Eventual consistency sometimes can fix many of the transaction rate problems inherent in centralized systems. Rewriting for eventual consistency can be expensive, but there may be ways to get around that, with planning user interaction around eventual consistency.
But how do you get CCLC?
To my mind there’s a specific planning exercise you have to do, and it starts at another aspect of consistency; do I really need the data to be up to the millisecond consistent? What bad thing would happen? From whose perspective? Can we manage that user interaction in ways that make expensive data consistency unnecessary?
By way of a clear example of that line of thinking, 20+ years ago, my colleague Mike and I were building a fairly simple online threaded discussion forum. The open source tools we started with had a fully consistent model; it went back to the database many many times for every single request. We were crashing hard, at the busiest time of the day. Mike had a rather brilliant insight; when you post to a forum, the first thing you want to do is read your post to make sure you didn’t misspell something.
Because of that, given the length of time it would take to read your new post, the average amount of time before you wanted the main forum view would be several seconds later. So what we did was send the user to a short ‘this thread only’ view of the forum instead of the full view after posting. This was very much enabled by the fact that the “view” to “post” ratio was heavily on the view side, like 1000+ to 1.
This change to the user workflow allowed us to convert the main forum view to static, and was independently refreshed every 5 seconds, plus we got the benefits of the linux built in disk cache. Effectively, the on-disk version was a cache. And it was eventually consistent with the source of truth – up to the last 5 seconds – but from the user perspective it was perfectly consistent.
That change saved us over 1000 db queries per second. Production scaling was now a non issue, instead of dying right in the middle of the busiest part of the day when the db was overwhelmed. It was so fast, that people started really ramping up the threaded discussions. And we really only had a single server now serving 300+ web views per second.
But the point is that from the user perspective, it was consistent – because of the 5 second+ delay before they read the main view. So we built eventual consistency using the user’s behaviour.

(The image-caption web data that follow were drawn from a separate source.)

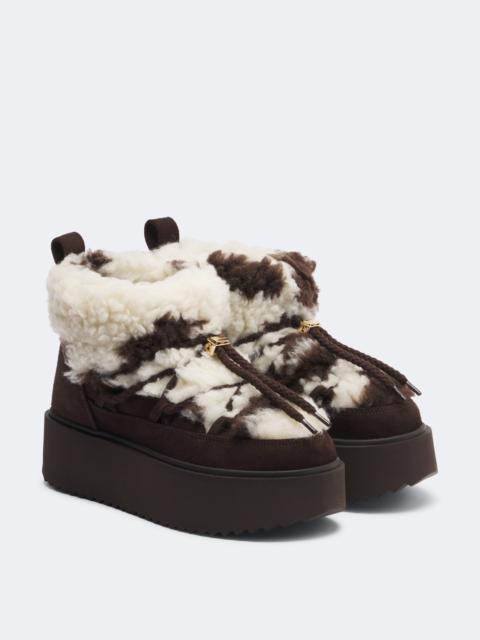INUIKII Teddy-trimmed suede platform ankle boots
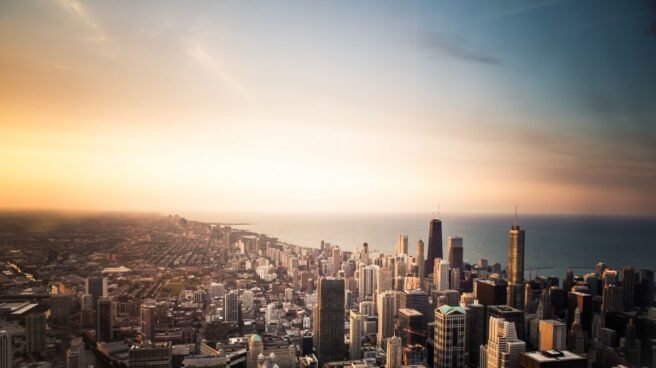 El amanecer y el atardecer siguen guiando la vida en las grandes ciudades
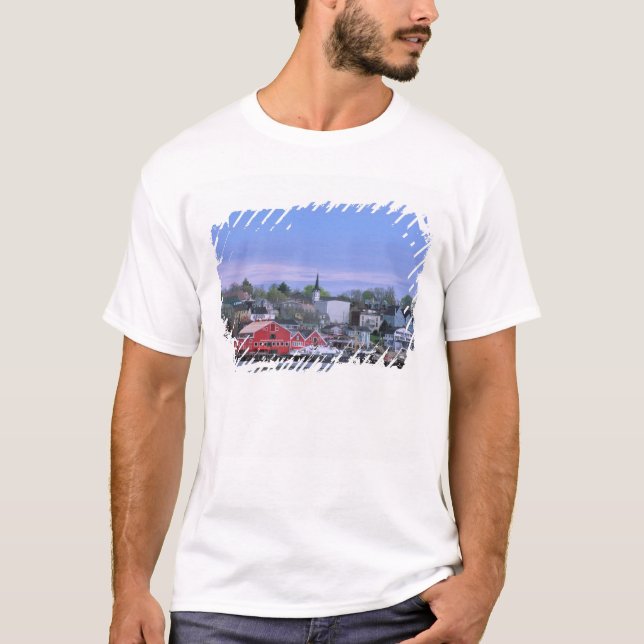 ANMERKUNG Kanada, Nova Scotia. Blick auf Lunenburg T-Shirt (Vorderseite)
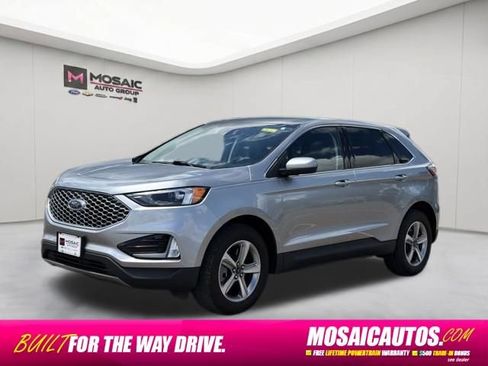 Used 2024 Ford Edge SEL w/ Convenience Package AWD/4WD image 3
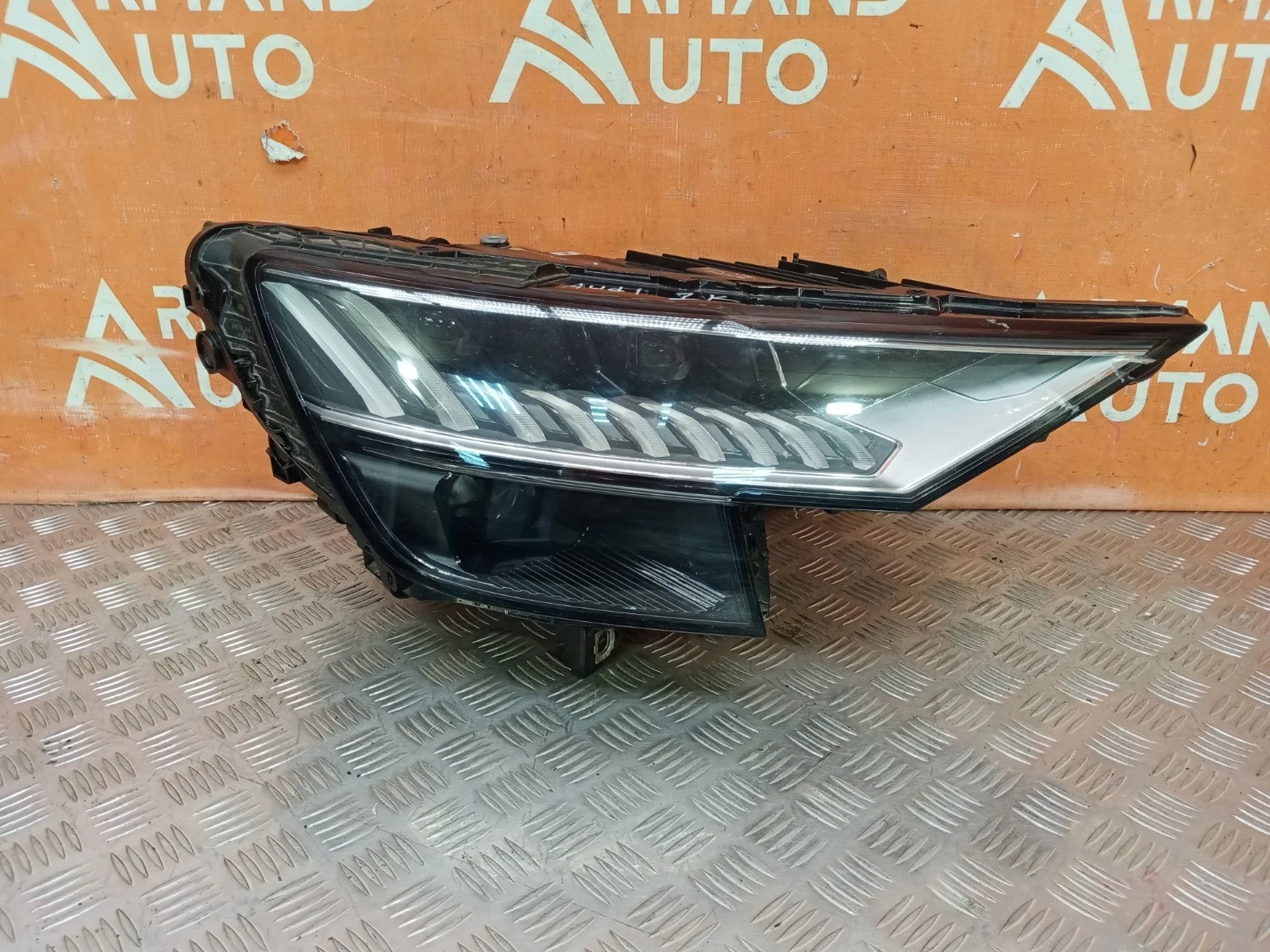 Фара Audi Q8 2018-нв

So my TL;DR: To get to high cohesion, high consistency but low coupling, you start your planning by being very clear on necessary consistency, use those insights to drive a way to manage how much coupling you allow. To get to that point, you need to use a cohesive strategy especially around configuration storage to reduce errors. Configuration consistency from single sources of truth like version control systems helps drive cohesion as you get to the operational scaling you need. Lastly, Explore eventual consistency by using user perception and behaviour to reduce the transactional nature of the data store, and help you drive production scaling.